Programming Assignment 1
Using WEKA and Creating your own Data Set (30 points)
Due Wednesday, February 25, 2009

Introduction

For this class we will be making use of the WEKA machine learning code which is implemented in Java. To get WEKA you can go to the webpage http://www.cs.waikato.ac.nz/ml/weka. You should download this code and familiarize yourself with it. WEKA has online documentation built into it, you can also find a copy of a chapter from Witten & Frank's Data Mining book at http://www.cs.waikato.ac.nz/ml/weka/book.html which discusses the code (note that a new version of Witten and Frank's book has come out and has more extensive documentation, you may want to purchase a copy of this book).

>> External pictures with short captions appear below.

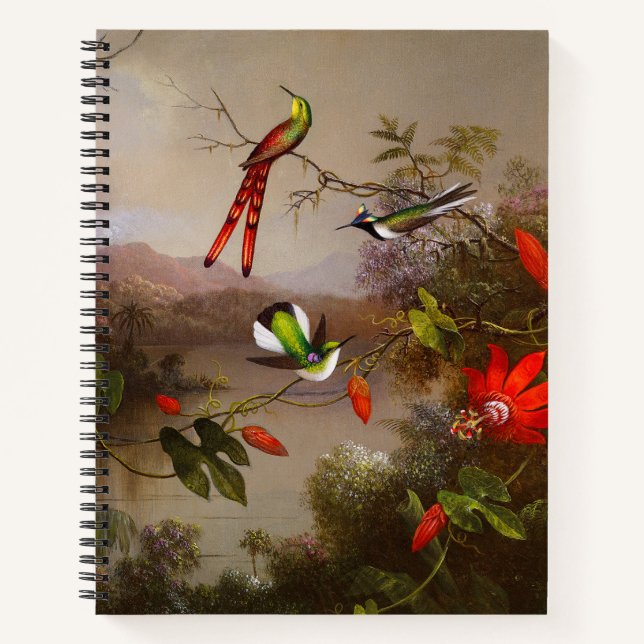 Tropical Landscape with Ten Hummingbirds Heade Notebook (Front)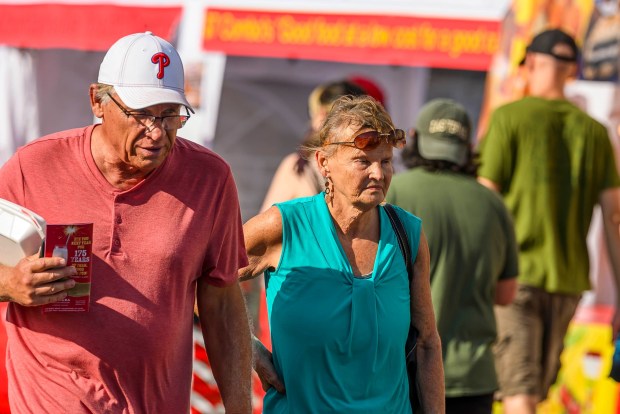 People enjoy the food, sights and sounds Thursday, Sept. 03, 2026, at the Allentown Fair, which continues through Monday. (April Gamiz/The Morning Call)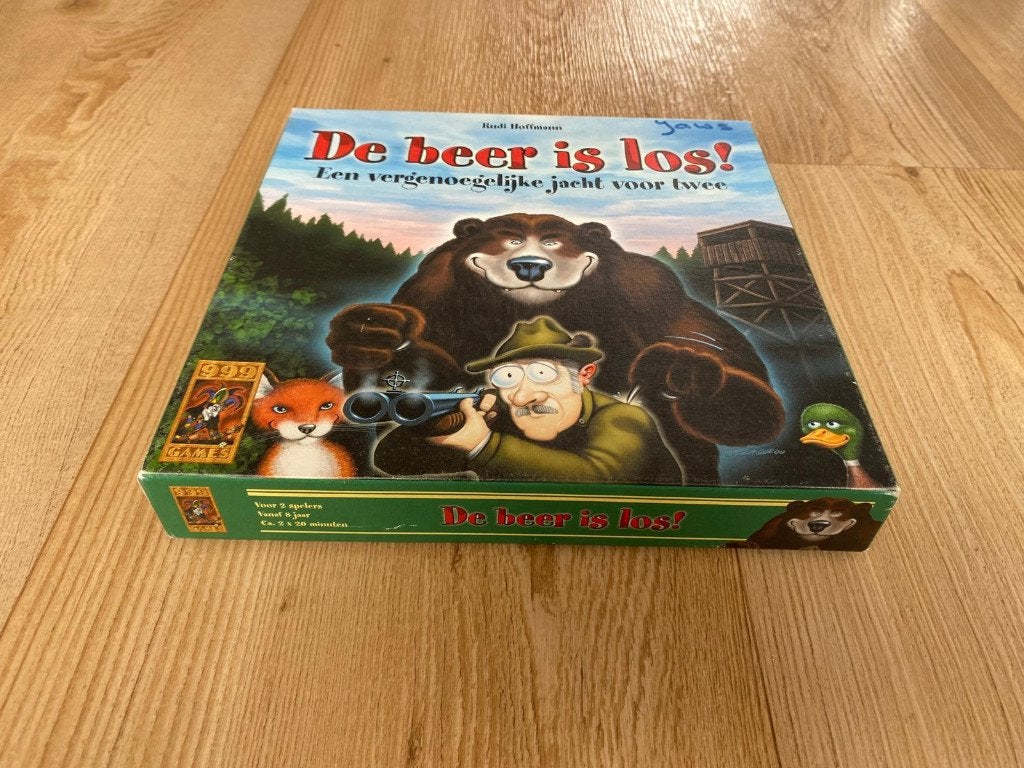 De beer is los! 2 spelers spel van 999 games Out Of Print, Een of twee spelers, Ophalen of Verzenden, Gebruikt, 999 Games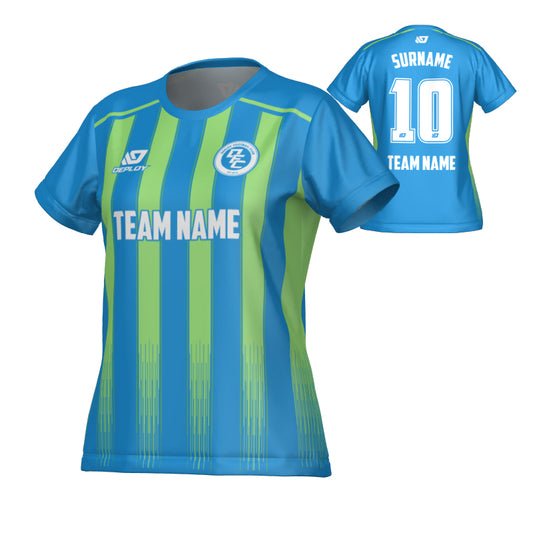 Classic Womens Jersey - Blue & Neon Green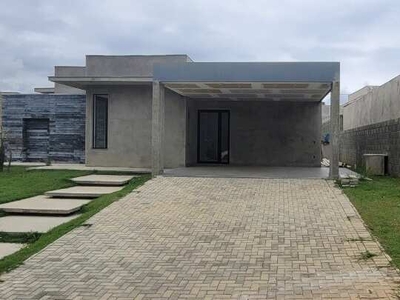 Linda Casa Térrea e Nova em Condomínio de Alto Padrão Residencial Terras da Alvorada Jundi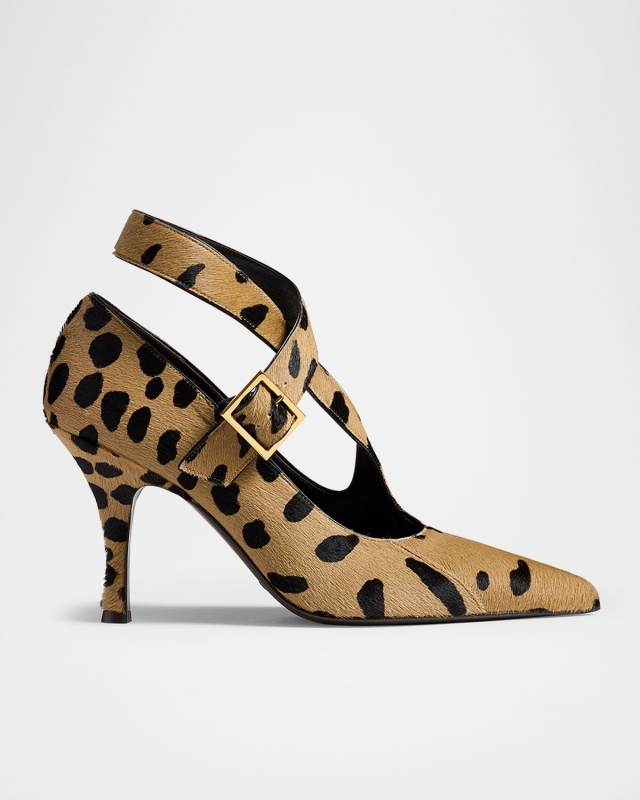 Sloan Hyena-Print Calf Hair Pumps
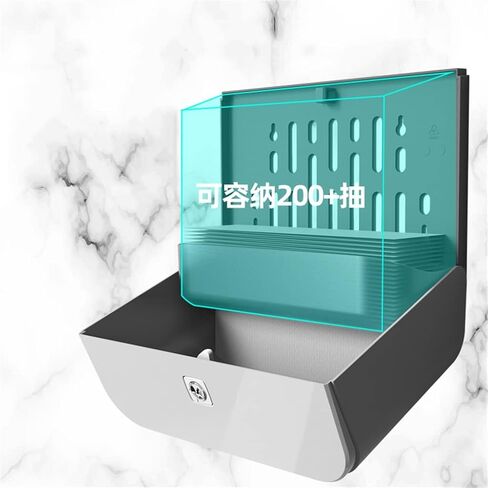 FMURY Hand Wipe Tissue Box Wall-Mounted Toilet Kitchen Paper Pumping Box Perforation-Free Commercial Household in Saudi Arabia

In addition to downloading WEKA you will also be developing your own dataset. I would prefer that this dataset relate to your thesis research topic, but if you are having difficulty creating an appropriate dataset you may create one of interest to you. Note: NO cricket data sets.

To Do

  1. Pick a dataset from the UCI ML dataset repository that you want to work with. This dataset should have at least 200 examples, with at least 10 features, at least one of which should be continuous and at least one should be nominal. You may have to convert the dataset into a format appropriate for WEKA.
  2. Create a second dataset based on your research. It should have at least 50 examples, with at least 5 features, with at least one continuous and one nominal feature.
  3. Pick a learning method other than J48.
  4. Using the J48 decision tree method and the one you chose, perform five three-fold cross validation experiments on each dataset.

To Hand In

  1. Writeup a description of your dataset and include a printout of your data points for this dataset. Your description should include a discussion of each feature, a discussion of the class variable, and some expectations regarding likely class models that will be learned from this dataset.
  2. Present, using confusion matrices and appropriate bar graphs a discussion of the accuracy of the two learning algorithms for each of the datasets you used for testing. Also include documentation of your results.